Yesterday, we began our journey down the winding highway that runs through Kentucky Route Zero co-creator Jake Elliott's brain, and today, we'll resume it. But while looking back is all well and good (especially on brain highways, where traffic's fierce and blind spots can hide unspeakable dangers), doing it at the expense of moving forward is unwise. So now it's time to delve into what's next: the release schedule for the rest of KRZ's Acts, how our choices will carry over, The Walking Dead's influence on the process, and a fairly mindblowing portion of Act I you probably missed. Don't worry, though. It wasn't your fault.

RPS: There was a really great bit in Act I where I was in control of both parts of a conversation between Conway and Shannon at once. That was super bizarre and jarring. Where'd it come from? Will we see more of it in later Acts?

Jake Elliott: We’re going to kind of push that in some other directions in the later acts. That was basically Tamas’s idea. It came, actually, from… If you look in the trailer for the game, there’s a different view of when Conway and Shannon meet each other. It’s looking out of this cave and the camera kind of turns. That is not in the game.

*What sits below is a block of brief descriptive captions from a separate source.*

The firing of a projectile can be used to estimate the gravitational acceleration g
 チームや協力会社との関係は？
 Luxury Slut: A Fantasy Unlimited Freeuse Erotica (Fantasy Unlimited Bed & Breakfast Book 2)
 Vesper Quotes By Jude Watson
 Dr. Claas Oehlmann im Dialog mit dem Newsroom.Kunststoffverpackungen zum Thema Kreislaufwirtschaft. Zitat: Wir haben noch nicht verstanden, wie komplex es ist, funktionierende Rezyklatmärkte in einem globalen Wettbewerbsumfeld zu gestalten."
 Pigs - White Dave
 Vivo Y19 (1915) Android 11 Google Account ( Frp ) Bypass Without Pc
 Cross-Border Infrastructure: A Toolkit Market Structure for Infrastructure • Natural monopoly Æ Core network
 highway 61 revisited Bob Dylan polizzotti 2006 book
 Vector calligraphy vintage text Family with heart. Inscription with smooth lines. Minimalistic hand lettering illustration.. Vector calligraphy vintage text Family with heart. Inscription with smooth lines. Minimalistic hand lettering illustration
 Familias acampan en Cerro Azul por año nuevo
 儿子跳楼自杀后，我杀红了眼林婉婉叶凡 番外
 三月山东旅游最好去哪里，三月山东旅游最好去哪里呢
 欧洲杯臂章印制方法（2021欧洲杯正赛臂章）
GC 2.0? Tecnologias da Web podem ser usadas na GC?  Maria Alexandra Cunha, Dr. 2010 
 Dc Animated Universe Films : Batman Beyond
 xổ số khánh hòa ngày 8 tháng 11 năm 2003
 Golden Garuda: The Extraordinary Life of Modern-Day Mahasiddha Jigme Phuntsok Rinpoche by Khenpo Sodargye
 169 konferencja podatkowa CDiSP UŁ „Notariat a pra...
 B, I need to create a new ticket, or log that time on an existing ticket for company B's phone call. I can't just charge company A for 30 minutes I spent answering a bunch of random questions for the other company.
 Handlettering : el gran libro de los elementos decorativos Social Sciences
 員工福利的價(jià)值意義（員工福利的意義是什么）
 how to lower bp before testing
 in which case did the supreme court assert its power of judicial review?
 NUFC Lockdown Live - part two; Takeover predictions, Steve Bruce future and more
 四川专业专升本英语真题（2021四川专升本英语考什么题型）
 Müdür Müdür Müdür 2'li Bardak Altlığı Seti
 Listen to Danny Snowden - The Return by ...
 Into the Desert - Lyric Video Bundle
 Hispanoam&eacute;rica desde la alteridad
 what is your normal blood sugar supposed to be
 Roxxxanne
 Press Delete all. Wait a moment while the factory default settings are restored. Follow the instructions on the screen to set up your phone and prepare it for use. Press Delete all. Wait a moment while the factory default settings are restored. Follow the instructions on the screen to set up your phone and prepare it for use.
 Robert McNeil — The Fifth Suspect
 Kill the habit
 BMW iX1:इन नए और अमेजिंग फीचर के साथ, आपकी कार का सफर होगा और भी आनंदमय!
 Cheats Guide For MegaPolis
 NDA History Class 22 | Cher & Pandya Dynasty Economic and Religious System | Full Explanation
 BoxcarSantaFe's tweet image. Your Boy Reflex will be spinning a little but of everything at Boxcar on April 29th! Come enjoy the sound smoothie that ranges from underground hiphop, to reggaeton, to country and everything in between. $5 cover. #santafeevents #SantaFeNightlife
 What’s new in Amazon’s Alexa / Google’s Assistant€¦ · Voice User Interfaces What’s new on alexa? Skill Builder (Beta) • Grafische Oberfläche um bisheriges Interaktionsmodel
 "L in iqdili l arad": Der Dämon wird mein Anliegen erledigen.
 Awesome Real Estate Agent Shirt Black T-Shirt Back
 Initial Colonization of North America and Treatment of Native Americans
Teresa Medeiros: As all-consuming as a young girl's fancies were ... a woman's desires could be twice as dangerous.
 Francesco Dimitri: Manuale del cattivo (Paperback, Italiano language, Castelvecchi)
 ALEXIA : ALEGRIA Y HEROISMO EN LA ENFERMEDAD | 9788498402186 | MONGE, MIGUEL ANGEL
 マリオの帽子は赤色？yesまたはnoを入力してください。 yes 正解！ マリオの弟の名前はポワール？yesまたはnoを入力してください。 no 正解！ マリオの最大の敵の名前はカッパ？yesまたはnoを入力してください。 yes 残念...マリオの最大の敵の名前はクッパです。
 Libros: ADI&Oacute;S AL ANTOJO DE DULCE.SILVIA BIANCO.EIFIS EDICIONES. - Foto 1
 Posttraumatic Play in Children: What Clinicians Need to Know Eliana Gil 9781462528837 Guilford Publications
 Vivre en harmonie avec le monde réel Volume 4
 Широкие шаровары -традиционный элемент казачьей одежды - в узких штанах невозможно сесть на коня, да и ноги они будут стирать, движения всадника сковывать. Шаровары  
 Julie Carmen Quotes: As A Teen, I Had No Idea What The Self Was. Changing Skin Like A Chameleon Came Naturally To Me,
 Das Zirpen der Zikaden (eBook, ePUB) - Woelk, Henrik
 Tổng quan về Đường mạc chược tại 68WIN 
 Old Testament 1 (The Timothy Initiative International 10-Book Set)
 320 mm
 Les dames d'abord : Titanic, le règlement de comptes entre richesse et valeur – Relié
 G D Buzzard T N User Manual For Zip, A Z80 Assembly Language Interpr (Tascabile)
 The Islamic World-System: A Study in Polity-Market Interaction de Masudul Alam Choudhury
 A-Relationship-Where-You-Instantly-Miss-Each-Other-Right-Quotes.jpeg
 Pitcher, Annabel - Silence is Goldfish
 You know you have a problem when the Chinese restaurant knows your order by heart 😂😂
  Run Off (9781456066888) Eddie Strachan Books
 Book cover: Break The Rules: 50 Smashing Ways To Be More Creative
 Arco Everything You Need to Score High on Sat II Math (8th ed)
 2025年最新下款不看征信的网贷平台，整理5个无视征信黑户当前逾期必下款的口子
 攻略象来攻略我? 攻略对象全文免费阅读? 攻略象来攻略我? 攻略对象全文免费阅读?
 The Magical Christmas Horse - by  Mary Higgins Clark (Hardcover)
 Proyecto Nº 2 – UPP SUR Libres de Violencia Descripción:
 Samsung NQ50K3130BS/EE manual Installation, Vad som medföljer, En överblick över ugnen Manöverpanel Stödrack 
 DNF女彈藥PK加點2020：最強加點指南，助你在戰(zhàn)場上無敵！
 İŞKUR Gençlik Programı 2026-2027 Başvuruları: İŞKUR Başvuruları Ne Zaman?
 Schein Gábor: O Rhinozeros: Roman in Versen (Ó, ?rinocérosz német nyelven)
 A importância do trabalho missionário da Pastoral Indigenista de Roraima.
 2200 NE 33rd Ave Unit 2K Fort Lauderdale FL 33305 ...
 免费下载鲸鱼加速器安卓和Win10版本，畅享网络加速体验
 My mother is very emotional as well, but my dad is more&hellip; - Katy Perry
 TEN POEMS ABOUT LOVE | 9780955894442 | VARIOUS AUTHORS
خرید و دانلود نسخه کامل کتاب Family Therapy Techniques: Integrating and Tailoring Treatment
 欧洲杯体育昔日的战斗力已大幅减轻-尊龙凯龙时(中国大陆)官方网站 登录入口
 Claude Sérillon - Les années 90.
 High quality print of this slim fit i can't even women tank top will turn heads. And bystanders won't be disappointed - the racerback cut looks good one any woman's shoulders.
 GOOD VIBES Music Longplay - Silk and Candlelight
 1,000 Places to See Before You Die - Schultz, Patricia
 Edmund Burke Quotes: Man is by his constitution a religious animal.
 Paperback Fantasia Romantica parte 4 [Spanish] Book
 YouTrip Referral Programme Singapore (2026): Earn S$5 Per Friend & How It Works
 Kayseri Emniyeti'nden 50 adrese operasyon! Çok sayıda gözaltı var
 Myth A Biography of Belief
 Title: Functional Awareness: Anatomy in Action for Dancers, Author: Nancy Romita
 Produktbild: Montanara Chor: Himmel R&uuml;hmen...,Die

That was the original version of that scene. I guess Tamas, based on the way that scene started, with this nice camera turn revealing Conway, he just put the little interaction box above him. It was more of a visual decision than anything. He said, “Oh, maybe that would make sense. We could switch perspectives there for a little bit.” It came from a weird angle, and then we just started pushing it from different directions. Then the dog thing came after that, too. Having a monologue. Then there’s a later conversation that takes it in a different direction.

RPS: Speaking of future episodes, will any of the choices I made come back in a significant way or progression-altering way? Like, there was the phone call Shannon was having when I first met her, and I only saw one side of it? Will I eventually see the other?

Jake Elliott: Yeah, that one will come up again. We store, in the saved game file, a lot of different decisions that the player makes. Our goal is to bring them back up in ways that are more poetic rather than being big branching decisions. We have plans for a few of them to have some kind of weird consequences. Small things that you do that you don’t expect to have large consequences. It’s not supposed to be a place where the player is being strategic. It’s supposed to just be something that’s responding to what the player does. Does that make sense?

RPS: Yeah, absolutely. That sort of tends to be the issue with a lot of choices in games like that. If it’s strategic, then people sort of boil it down to a min-maxing thing. “If I make this choice, my curly mustache of pure evil will swell with new abilities.”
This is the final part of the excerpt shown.